- **To do**: Please repeat exactly the lines below from the line with "We're going to do" to the line with "Inside developer options", including both, and leave out every picture.

- **Available records**:
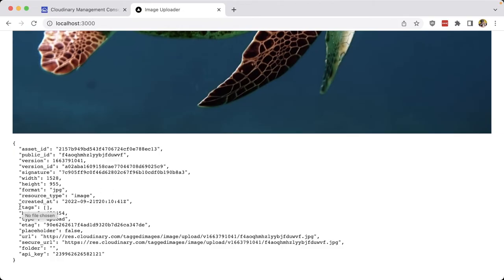Now inside of those results, we can see that we currently have no tags for the image that we just uploaded, but we want to make sure that when we upload images, we're going to automatically tag it.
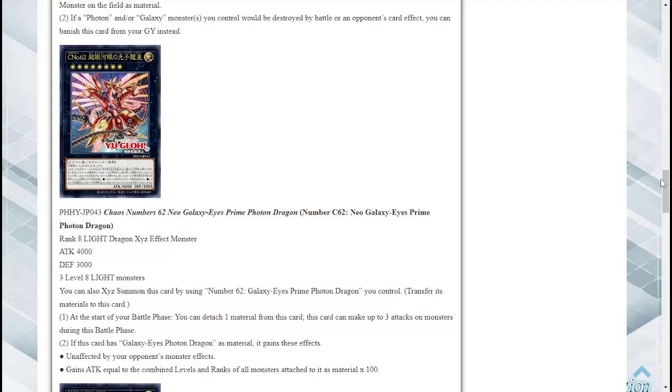Secondly if this card has Galaxy Eyes Photon Dragon as material it gains these effects: it's unaffected by your opponent's monster effects plus it gains attack equal to the combined level... what the hell, what the hell, oh wow that's insane!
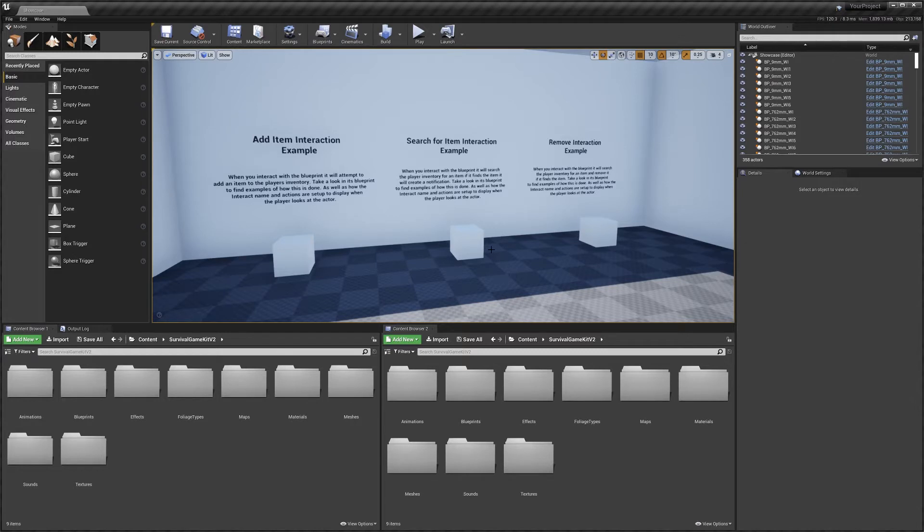Hey guys, today I'm going to be talking to you about the interaction system that comes with Survival Game Kit V2.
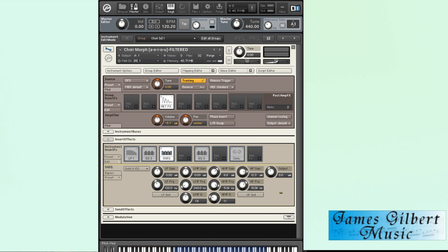The next time you want to use that sound, you can just go and load it up from your default folder.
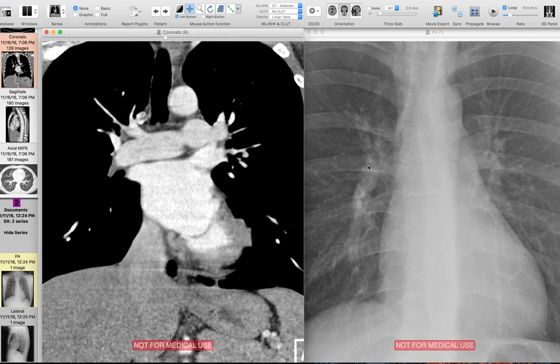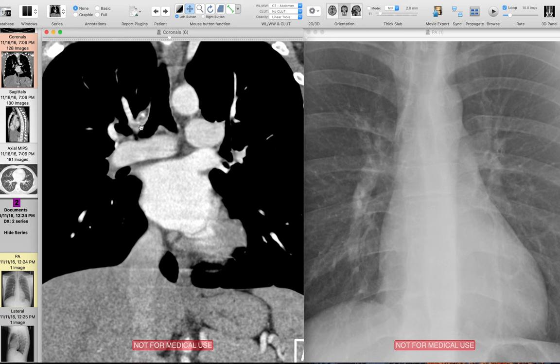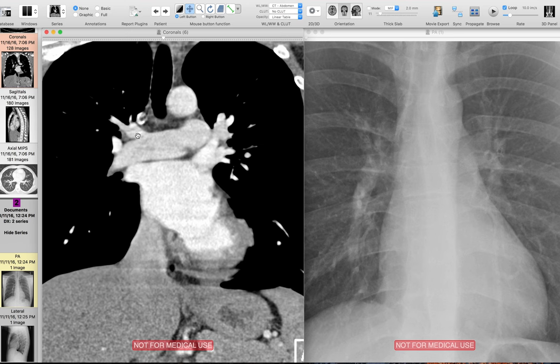Looking medially in the hilum, there's a border here that is the truncus anterior — part of the pulmonary artery that supplies the right upper lobe. On the corresponding CT, the truncus anterior supplies the apical and anterior segments of the right upper lobe, with a separate branch going to the posterior segment. So we have two vessels coursing superiorly in the right hilum: the truncus anterior medially and the right superior pulmonary vein laterally.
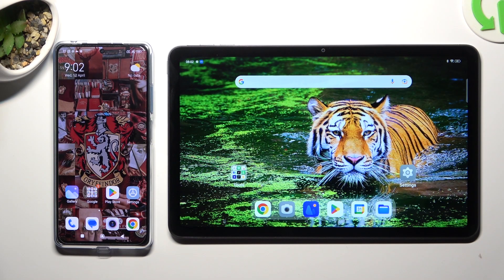Hi! Today I would like to show you how you can transfer files from an Android device to Oppo.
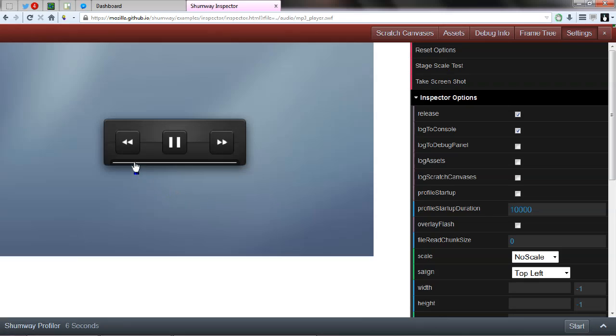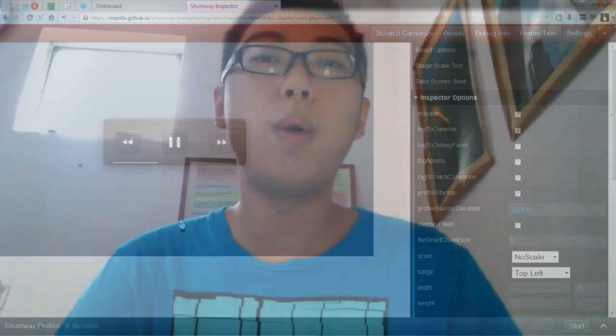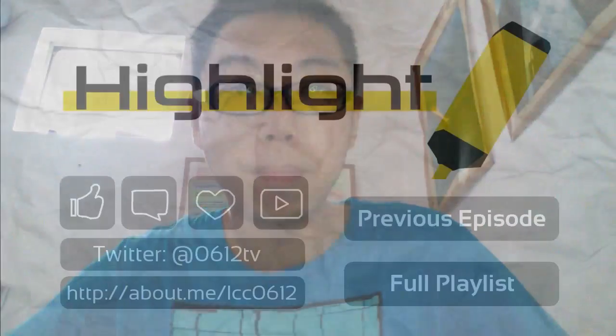That's all there is for this episode of HiLite. As always, do head down to the video description for more information as well as download links. Thank you very much for watching.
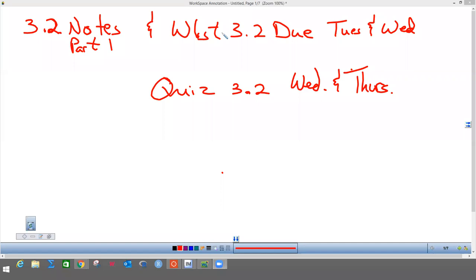We're going to do 3.2 notes, part one today, and you're going to start your worksheet 3-2. It's going to be due Tuesday and Wednesday next week, and then we'll have quiz 3-2 Wednesday and Thursday next week. On probably Tuesday or Wednesday, we're going to go to a new section to do 3-3.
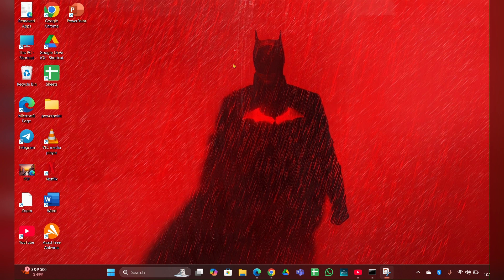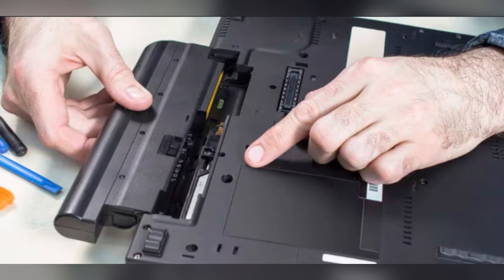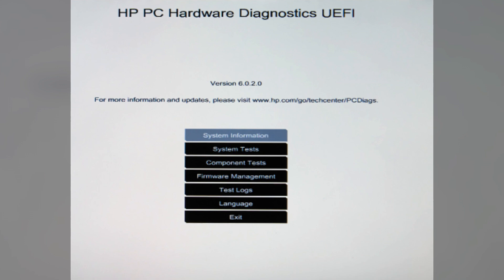Fix three: Check for loose connections. Ensure all internal connections are secure. Disconnect and reconnect the battery and other internal components.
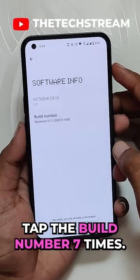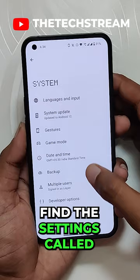Inside developer options find the setting called force peak high refresh rate. After enabling this setting your device will run on 120 hertz in all apps except the gaming apps, so really a handy feature to use the full potential of your device.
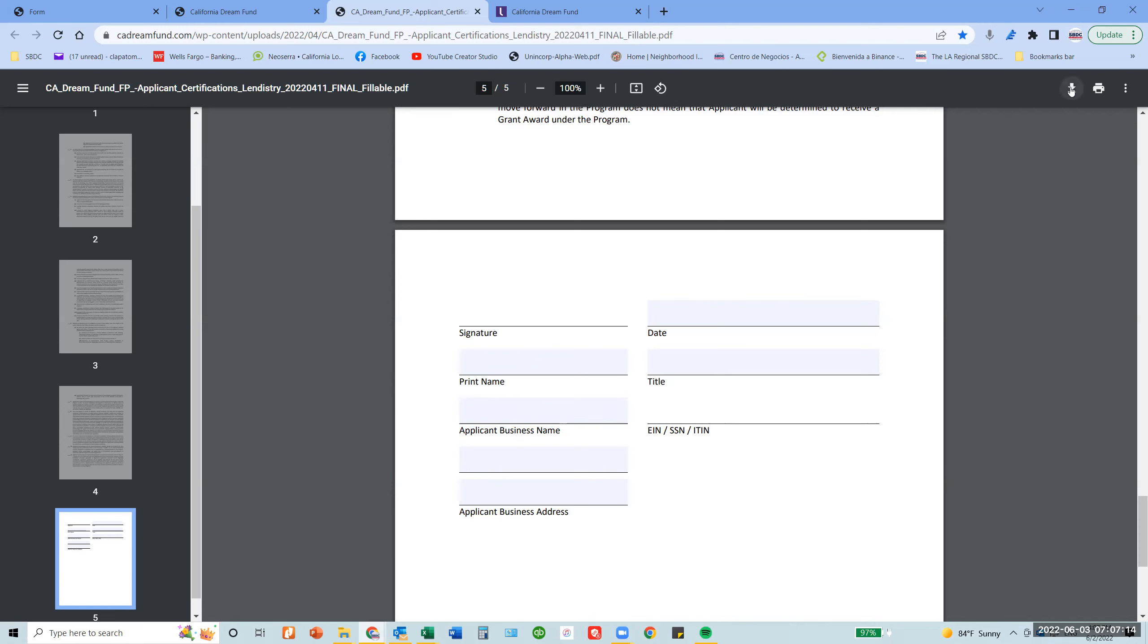Then you can download it by clicking here and then you can sign it. Once you do that, make sure you upload it again with all the other documentation in order to be ready to go to the application.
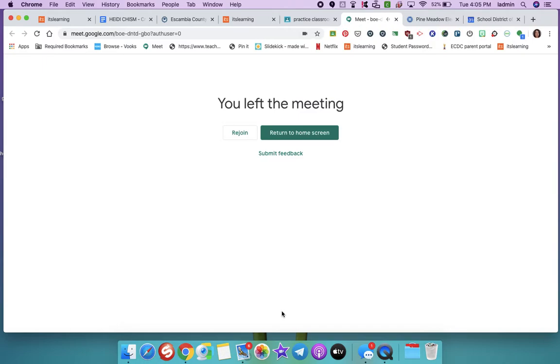All right. I hope I get to see everyone on Friday at 10:30. And if all of this goes well, we will be doing more with the Google Meet in the future.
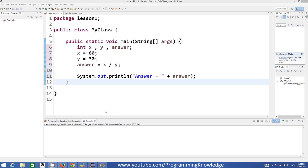Hello guys, welcome to the next video tutorial on Java programming for beginners. In the last video we have seen how to use math operators in Java and how to do simple arithmetic operations. Now in this video we will learn about increment operators, post increment and pre increment operations, and also assignment operators and how to use them effectively.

- **Answer section**:
We're going to do 3.2 notes, part one today, and you're going to start your worksheet 3-2. It's going to be due Tuesday and Wednesday next week, and then we'll have quiz 3-2 Wednesday and Thursday next week. On probably Tuesday or Wednesday, we're going to go to a new section to do 3-3.
Fix three: Check for loose connections. Ensure all internal connections are secure. Disconnect and reconnect the battery and other internal components.
Inside developer options find the setting called force peak high refresh rate. After enabling this setting your device will run on 120 hertz in all apps except the gaming apps, so really a handy feature to use the full potential of your device.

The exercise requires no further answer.